Table 4. Activation energy and kinetics equation of β″ after pre-aging and natural aging for 5 months.

Alloy	Q (kJ/mol)	k0 (min^−1)	Kinetics equation
B	73.7	1.02 × 10^7	Y = 1-exp[-(1.02 × 10^7exp(−8.87/T)t)^2]
B-0.01	90.8	4.40 × 10^8	Y = 1-exp[-(4.40 × 10^8 exp(−10.93/T)t)^2]
B-0.03	82.0	6.82 × 10^7	Y = 1-exp[-(6.82 × 10^7 exp(−9.87/T)t)^2]

In summary, the results after natural aging for 0 days show that the alloy B-0.03 has the most precipitated β″ phases and the strongest hardening ability; the alloy B-0.01 has a better bake hardening response. The results after natural aging for 5 months show that the pre-aged alloy B has the best bake hardening response, and both Sn-containing alloys have poorer bake hardening ability. Apparently, Sn effectively improves the hardening ability within a short natural aging period, but the advantage disappears after long-term natural aging.
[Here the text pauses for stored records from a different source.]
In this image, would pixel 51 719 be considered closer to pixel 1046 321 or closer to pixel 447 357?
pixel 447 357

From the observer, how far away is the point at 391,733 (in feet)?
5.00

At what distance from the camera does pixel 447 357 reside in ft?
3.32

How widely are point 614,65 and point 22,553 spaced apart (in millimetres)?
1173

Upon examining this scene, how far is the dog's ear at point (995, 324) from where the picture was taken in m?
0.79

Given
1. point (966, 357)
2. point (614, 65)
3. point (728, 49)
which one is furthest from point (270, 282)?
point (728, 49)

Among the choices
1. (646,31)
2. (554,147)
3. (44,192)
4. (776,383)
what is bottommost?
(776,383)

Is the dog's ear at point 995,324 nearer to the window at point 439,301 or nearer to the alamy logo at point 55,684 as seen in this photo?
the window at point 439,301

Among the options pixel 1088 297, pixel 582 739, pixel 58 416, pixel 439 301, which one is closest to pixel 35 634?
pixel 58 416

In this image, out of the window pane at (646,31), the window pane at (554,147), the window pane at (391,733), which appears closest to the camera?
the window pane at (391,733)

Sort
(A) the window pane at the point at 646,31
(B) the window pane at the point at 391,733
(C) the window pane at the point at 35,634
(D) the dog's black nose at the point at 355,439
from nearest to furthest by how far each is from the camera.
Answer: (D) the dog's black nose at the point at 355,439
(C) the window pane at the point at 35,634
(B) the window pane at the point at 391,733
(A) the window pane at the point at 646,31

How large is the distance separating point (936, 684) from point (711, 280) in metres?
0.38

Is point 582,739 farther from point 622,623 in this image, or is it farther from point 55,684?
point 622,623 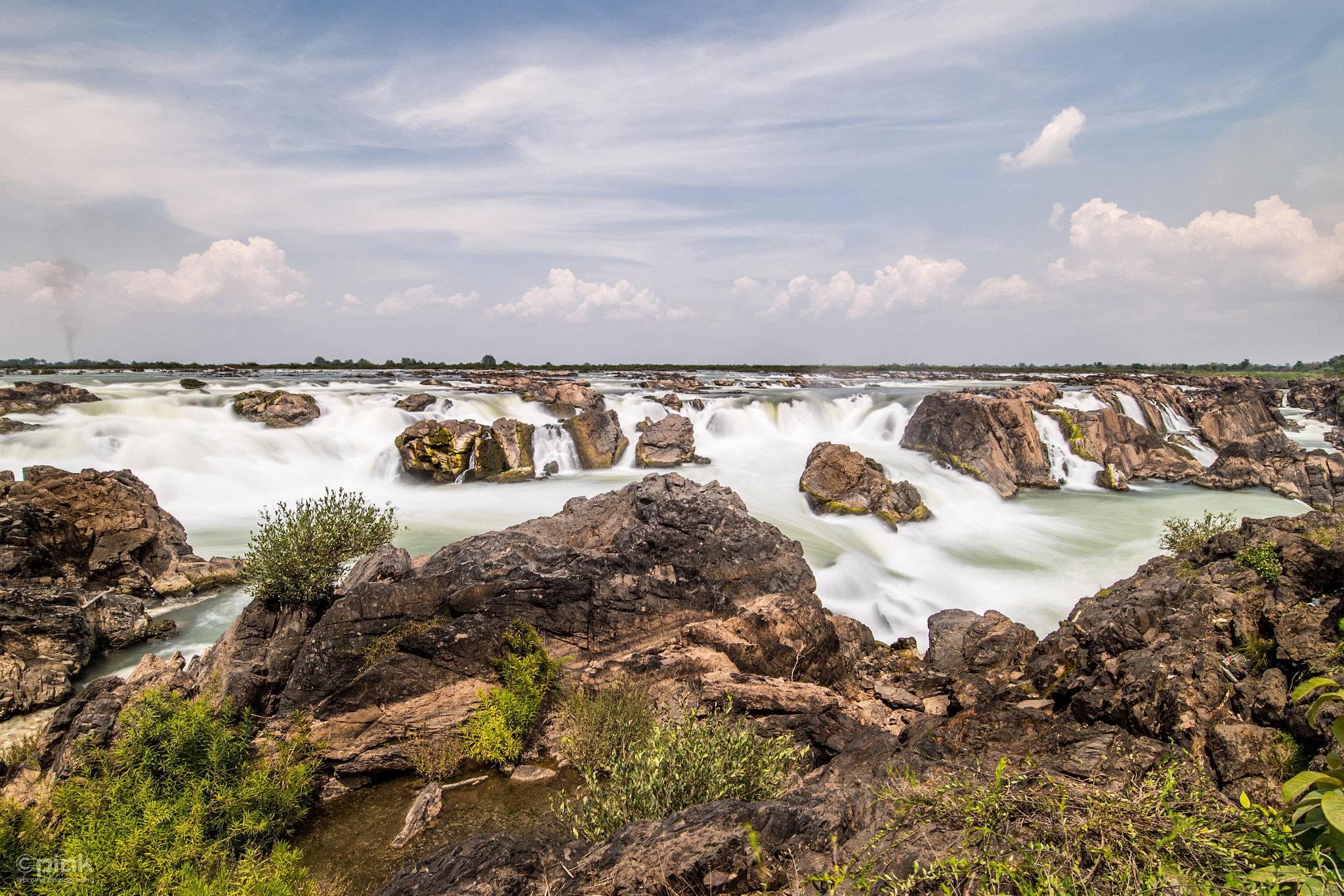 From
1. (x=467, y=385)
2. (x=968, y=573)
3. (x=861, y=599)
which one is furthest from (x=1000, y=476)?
(x=467, y=385)

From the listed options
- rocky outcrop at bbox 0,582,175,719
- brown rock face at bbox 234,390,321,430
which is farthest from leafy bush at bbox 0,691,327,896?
brown rock face at bbox 234,390,321,430

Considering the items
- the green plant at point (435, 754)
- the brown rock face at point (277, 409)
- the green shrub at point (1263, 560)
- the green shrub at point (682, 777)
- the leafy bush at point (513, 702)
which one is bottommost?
the green plant at point (435, 754)

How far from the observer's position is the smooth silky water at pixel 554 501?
12906 millimetres

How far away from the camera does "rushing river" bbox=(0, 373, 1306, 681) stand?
59.2ft

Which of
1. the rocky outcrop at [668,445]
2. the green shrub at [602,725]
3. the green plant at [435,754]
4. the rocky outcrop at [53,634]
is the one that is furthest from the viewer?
the rocky outcrop at [668,445]

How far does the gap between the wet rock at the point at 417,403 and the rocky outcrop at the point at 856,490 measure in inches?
966

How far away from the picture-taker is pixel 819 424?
41375mm

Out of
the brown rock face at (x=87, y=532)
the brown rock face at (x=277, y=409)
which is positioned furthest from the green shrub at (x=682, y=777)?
the brown rock face at (x=277, y=409)

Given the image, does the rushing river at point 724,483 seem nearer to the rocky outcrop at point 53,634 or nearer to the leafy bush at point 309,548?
the rocky outcrop at point 53,634

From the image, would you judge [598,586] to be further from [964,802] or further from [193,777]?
[964,802]

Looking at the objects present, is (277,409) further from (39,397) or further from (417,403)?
(39,397)

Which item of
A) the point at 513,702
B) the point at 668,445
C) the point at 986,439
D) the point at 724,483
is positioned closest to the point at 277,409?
the point at 668,445

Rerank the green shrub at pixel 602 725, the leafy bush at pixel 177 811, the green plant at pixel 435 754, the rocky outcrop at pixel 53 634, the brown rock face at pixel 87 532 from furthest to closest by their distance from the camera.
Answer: the brown rock face at pixel 87 532 < the rocky outcrop at pixel 53 634 < the green plant at pixel 435 754 < the green shrub at pixel 602 725 < the leafy bush at pixel 177 811

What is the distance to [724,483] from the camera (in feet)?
98.7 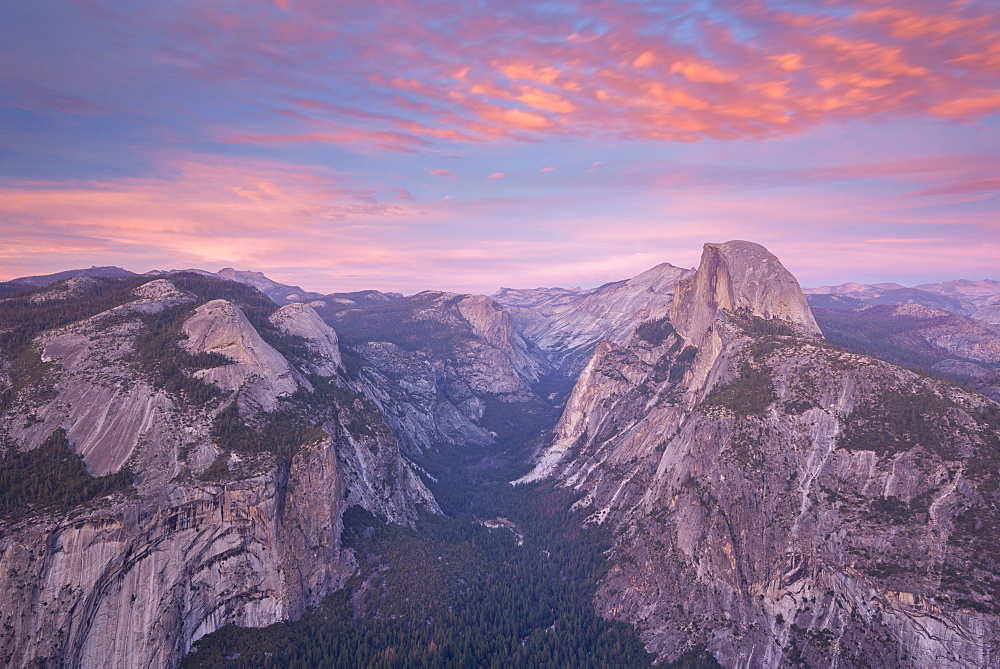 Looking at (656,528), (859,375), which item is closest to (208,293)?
(656,528)

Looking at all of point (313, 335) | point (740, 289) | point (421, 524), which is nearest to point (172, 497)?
point (421, 524)

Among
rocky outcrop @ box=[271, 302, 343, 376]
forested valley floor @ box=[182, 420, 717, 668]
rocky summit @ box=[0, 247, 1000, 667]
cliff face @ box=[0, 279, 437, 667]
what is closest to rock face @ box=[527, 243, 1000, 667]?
rocky summit @ box=[0, 247, 1000, 667]

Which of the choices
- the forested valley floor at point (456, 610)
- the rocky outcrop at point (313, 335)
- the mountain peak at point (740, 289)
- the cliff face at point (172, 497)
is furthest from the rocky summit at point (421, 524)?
the mountain peak at point (740, 289)

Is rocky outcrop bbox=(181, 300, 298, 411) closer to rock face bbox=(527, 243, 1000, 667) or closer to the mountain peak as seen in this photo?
rock face bbox=(527, 243, 1000, 667)

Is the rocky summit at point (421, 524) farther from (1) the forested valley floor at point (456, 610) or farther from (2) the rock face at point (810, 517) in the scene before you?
(1) the forested valley floor at point (456, 610)

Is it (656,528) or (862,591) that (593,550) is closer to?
(656,528)

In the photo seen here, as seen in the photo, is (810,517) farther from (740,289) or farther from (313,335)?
(313,335) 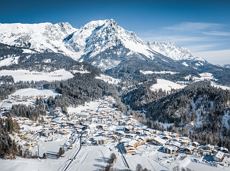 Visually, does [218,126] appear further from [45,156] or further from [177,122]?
[45,156]

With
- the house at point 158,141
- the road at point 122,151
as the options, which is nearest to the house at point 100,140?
the road at point 122,151

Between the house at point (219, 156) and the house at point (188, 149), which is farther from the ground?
the house at point (188, 149)

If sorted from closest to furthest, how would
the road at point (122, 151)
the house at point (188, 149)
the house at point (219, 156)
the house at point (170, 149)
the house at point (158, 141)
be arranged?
the road at point (122, 151), the house at point (219, 156), the house at point (170, 149), the house at point (188, 149), the house at point (158, 141)

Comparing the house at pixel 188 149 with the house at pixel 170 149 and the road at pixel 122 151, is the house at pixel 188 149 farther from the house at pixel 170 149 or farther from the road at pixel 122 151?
the road at pixel 122 151

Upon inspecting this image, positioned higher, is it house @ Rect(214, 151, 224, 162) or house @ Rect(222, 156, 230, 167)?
house @ Rect(214, 151, 224, 162)

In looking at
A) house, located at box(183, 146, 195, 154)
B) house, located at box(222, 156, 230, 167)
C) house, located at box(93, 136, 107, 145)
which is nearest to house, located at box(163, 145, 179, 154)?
house, located at box(183, 146, 195, 154)

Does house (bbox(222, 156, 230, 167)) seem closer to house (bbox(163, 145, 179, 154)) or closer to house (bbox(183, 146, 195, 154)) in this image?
house (bbox(183, 146, 195, 154))

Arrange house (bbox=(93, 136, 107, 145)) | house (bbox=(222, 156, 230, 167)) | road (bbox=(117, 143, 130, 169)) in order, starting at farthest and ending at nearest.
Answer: house (bbox=(93, 136, 107, 145)) → house (bbox=(222, 156, 230, 167)) → road (bbox=(117, 143, 130, 169))

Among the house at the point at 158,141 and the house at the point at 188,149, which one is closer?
the house at the point at 188,149

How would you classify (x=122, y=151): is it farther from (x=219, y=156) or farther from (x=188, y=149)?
(x=219, y=156)

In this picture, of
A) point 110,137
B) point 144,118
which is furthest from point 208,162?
point 144,118

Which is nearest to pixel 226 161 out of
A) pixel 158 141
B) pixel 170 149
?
pixel 170 149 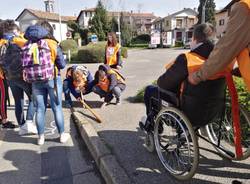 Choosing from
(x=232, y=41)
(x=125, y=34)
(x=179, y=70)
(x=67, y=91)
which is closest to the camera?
(x=232, y=41)

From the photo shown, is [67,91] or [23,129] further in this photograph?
[67,91]

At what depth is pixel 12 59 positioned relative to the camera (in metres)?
5.17

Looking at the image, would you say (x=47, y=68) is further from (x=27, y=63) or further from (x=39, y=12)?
(x=39, y=12)

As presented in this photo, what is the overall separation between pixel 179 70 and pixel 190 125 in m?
0.58

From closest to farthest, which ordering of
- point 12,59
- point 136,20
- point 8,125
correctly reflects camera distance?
1. point 12,59
2. point 8,125
3. point 136,20

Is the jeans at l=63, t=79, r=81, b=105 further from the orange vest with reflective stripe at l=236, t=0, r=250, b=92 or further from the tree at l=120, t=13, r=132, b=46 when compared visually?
the tree at l=120, t=13, r=132, b=46

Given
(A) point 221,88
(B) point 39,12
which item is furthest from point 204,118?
(B) point 39,12

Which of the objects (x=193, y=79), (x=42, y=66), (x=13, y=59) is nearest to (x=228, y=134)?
(x=193, y=79)

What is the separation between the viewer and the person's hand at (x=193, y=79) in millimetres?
2826

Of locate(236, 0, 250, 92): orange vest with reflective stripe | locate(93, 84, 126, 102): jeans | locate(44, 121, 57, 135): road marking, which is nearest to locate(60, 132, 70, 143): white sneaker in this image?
locate(44, 121, 57, 135): road marking

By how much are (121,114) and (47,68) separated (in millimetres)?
2089

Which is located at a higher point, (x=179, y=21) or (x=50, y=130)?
(x=179, y=21)

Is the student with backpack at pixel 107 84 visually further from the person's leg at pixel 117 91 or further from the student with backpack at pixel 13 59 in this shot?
the student with backpack at pixel 13 59

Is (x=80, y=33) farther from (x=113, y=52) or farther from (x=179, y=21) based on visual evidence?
(x=113, y=52) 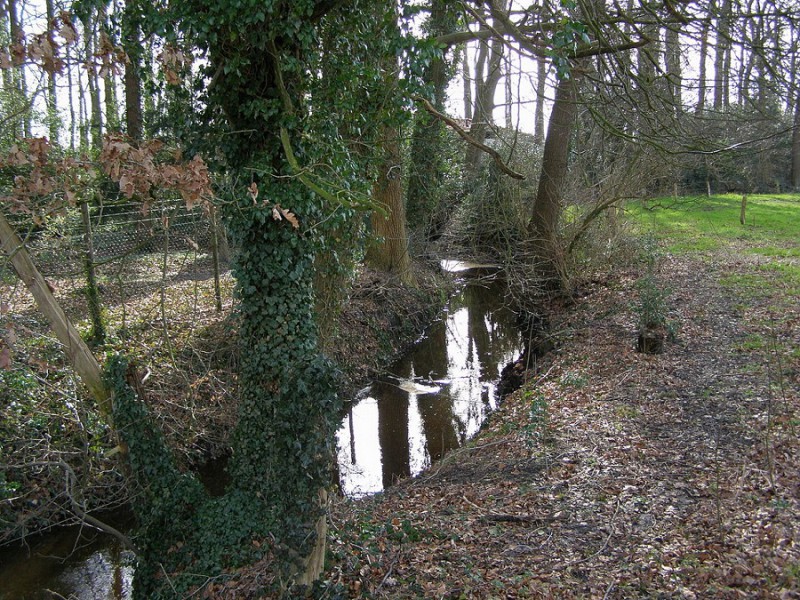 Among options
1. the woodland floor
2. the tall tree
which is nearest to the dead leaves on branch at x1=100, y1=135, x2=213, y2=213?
the woodland floor

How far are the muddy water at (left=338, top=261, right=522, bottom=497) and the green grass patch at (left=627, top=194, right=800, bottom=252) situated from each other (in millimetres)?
5421

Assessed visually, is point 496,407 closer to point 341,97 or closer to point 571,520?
point 571,520

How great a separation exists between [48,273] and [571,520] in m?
8.71

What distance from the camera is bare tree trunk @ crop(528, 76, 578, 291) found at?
549 inches

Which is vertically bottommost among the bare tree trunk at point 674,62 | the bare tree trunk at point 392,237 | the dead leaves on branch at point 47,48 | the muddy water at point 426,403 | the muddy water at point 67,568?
the muddy water at point 67,568

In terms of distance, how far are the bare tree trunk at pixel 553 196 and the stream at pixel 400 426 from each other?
217 centimetres

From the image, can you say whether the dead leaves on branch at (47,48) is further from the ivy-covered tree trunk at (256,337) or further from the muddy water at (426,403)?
the muddy water at (426,403)

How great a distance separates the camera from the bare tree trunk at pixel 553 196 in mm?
13938

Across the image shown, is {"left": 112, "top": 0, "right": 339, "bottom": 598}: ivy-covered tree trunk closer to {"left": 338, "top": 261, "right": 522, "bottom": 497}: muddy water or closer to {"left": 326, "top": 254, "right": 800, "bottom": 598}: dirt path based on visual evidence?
{"left": 326, "top": 254, "right": 800, "bottom": 598}: dirt path

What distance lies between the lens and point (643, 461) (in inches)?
267

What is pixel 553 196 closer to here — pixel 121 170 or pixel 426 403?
pixel 426 403

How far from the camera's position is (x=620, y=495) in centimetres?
619

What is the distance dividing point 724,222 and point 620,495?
1743 centimetres

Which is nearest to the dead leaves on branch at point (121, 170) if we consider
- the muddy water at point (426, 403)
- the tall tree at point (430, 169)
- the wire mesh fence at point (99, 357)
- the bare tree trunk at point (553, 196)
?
the wire mesh fence at point (99, 357) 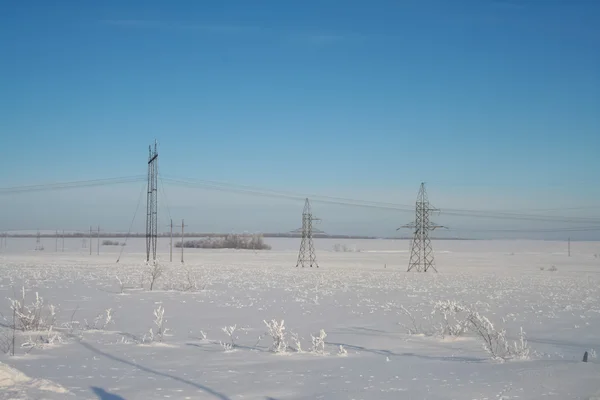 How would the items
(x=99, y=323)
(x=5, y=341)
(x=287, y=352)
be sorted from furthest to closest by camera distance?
(x=99, y=323), (x=5, y=341), (x=287, y=352)

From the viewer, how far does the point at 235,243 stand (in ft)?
332

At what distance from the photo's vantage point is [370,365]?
8.73 metres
To further verify the above mentioned DSC test results, alloys after the same solid solution and pre-aging treatments were naturally aged for 0 days and 5 months and then subjected to artificial ageing at 185 °C. The microhardness curves of alloys B, B-0.01 and B-0.03 are shown in Figure 12. For samples after natural aging for 0 days, in Figure 12(a), the three alloys exhibit the same hardness change trend but a slight difference in hardness values. During the first 120 min, the hardness value of the three alloys increases rapidly, reaching a peak hardness at 120 min of approximately 120 HV, and then the hardness fluctuated steadily. The hardness reaches the second peak at 1200 min and then drops significantly. The initial hardness of the alloys B-0.01 and B-0.03 is the lowest, approximately 75 HV, while that of the alloy B is slightly higher. The inserted graph shows that the hardness of the alloy B-0.01 grows with the fastest rate, i.e. the highest bake hardening response, corresponding to the obtained activation energy results as shown above. For samples after natural aging for 5 months, in Figure 12(b), the hardness value of alloys B and B-0.01 are more or less the same, alloy B-0.03 is the lowest among them, approximately 92HV, indicating that natural aging causes the hardening, but with the increase of Sn content, the inhibitory effect on natural aging hardening is more significant. Within the first 50 min at 185°C, the hardness values of the three alloys constantly decrease due to the redissolution of GP zones or clusters that form during natural aging. As the baking time increases, the strengthening phase is precipitated again, and the hardness begins to rise until reaching the peak value, which is approximately 120 HV for the base alloy and 110 HV for Sn-containing alloys. Different from (a), there is only one hardness peak, after which it will drop continually.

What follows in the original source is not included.